Cab you define your scene in cm or mm rather than meters? This will make everything bigger so thresholding needs less precision.
Everything seems to be in working order now, I've attached an image sjowing a quick simulation with 100 rays. My (hopefully!) last question, I was just wondering would you have any idea how I would alter the surfaces in the simulation report? Currently they seem to be (Left, right, top, bottom) as it would be for a box geometry, I imagine I should change the coordinates to have just (left, right, bottom) for mine, with the left and right both being sloped surfaces rather than straight as they would have been in the box.
Simulation Report
-----------------
Surface Counts:
Solar In Solar Out Luminescent Out Luminescent In
left 0 0 0 0
right 0 0 0 0
near 0 0 0 0
far 0 0 0 0
top 100 3 16 0
bottom 0 1 14 0
Summary:
Optical Efficiency 0.0
Waveguide Efficiency 0.0
Waveguide Efficiency (Thermodynamic Prediction) 0.473684
Non-radiative Loss (fraction): 0.28
Incident 100
Geometric Concentration 2.5
Refractive Index 1.5
Cell Surfaces {}
Components {Lumogen F Red 305, Background}
Lights {Light}
dtype: object
Thanks a million for all your help this far also!
Take a look at label_facets
function in LSC.py
.
This assigns labels to the points sitting on the surface. For example, if x-coordinate of the of the point is on the box plane with x=xmin we definite that as being the left surface.
Remember you are comparing floats so need to have a tolerance.
You will have to come up with a scheme for doing this labelling with your geometry.
It will be the same for the edge surfaces and top and bottom, but they hypotenuse will need more of a complicated comparison to evaluate.
I've taken a look at that piece of code, and updated it to the following.

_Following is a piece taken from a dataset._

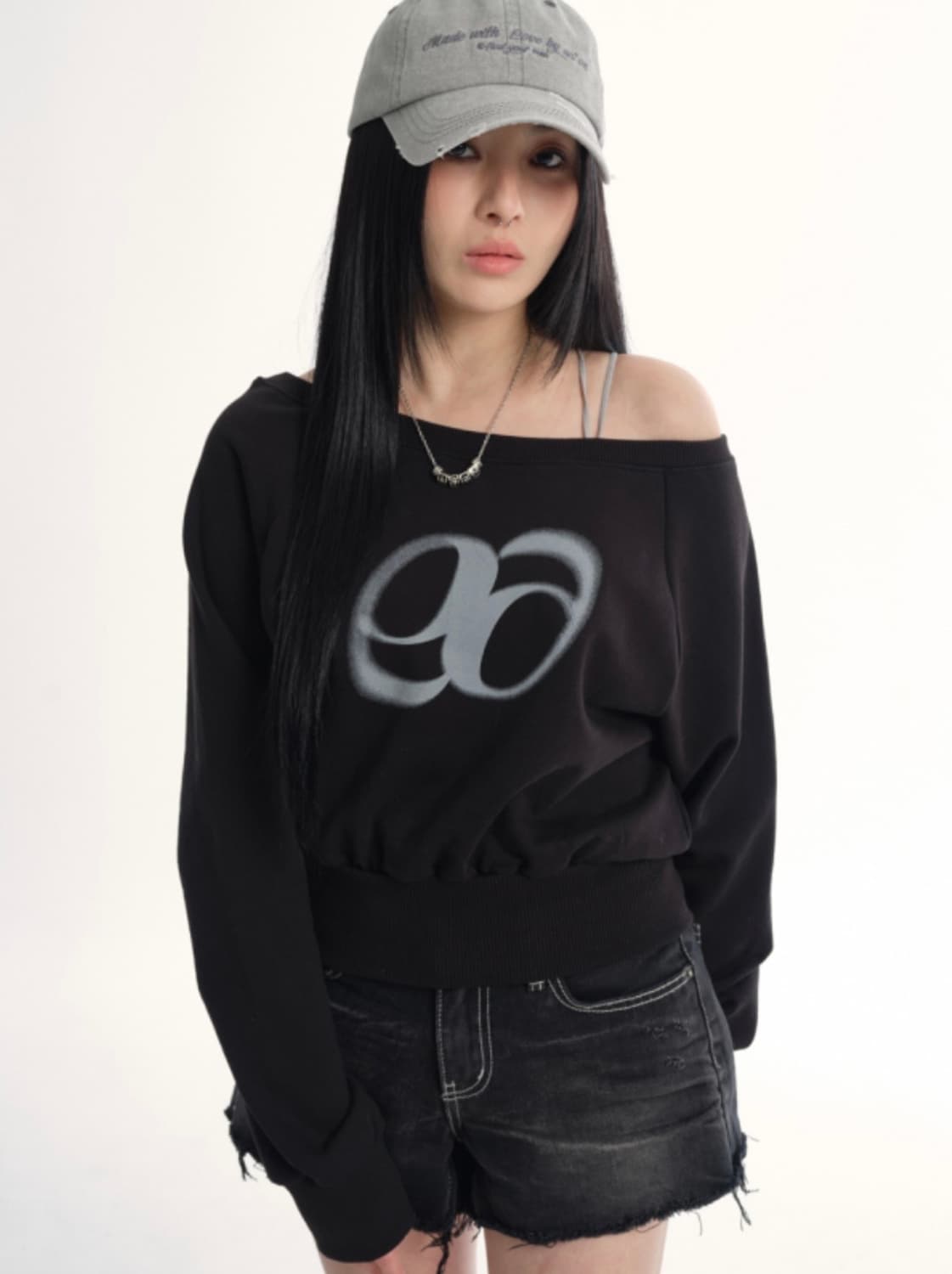 애즈온 DALIT 숏츠 팬츠 반바지 데님 M사이즈 상품이미지2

Not sure if it makes sense as I don't recognise the formula or attributes. just been playing around with it until it ran successfully.
def label_facets(self, df, length, width, height):
""" Label rows with facet names for a box LSC.
Notes
-----
This function only works if the coordinates in the dataframe
are in the local frame of the box. If the coordinates are in the
world frame then this will still work provided the box is axis
aligned with the world node and centred at the origin.
"""
xmin, xmax = -0.5 * width, 0.5 * width
ymin, ymax = -0.3334 * length, 0.6666 * length
zmin, zmax = -0.5 * height, 0.5 * height
df.loc[((df["position_x"] < (width/2))), "facet"] = "left"
df.loc[((df["position_x"] > (width/2))), "facet"] = "right"
df.loc[(np.isclose(df["position_y"], ymin, atol=EPS_ZERO)), "facet"] = "near"
df.loc[(np.isclose(df["position_z"], zmin, atol=EPS_ZERO)), "facet"] = "bottom"
df.loc[(np.isclose(df["position_z"], zmax, atol=EPS_ZERO)), "facet"] = "top"
return df
The output was as follows:
Simulation Report
-----------------
Surface Counts:
Solar In Solar Out Luminescent Out Luminescent In
left 127 163 34 0
right 89 89 0 0
near 0 0 0 0
top 84 2 12 0
bottom 0 0 0 0
Seems to be giving "Solar In" values for the left and right surfaces, so something must be incorrect in the way I currently have it written for the "left" and "right" facet labels.
I'd suggest continuing with your notebook approach, as this it probably a bit too complicated for now.
Look at the the Quick Start notebook and others in the examples folder. They show how to throw a ray into the scene and record where it escapes.
It too early to make these neat for your geometry. Just get it to work first and then worry about making it simple to use.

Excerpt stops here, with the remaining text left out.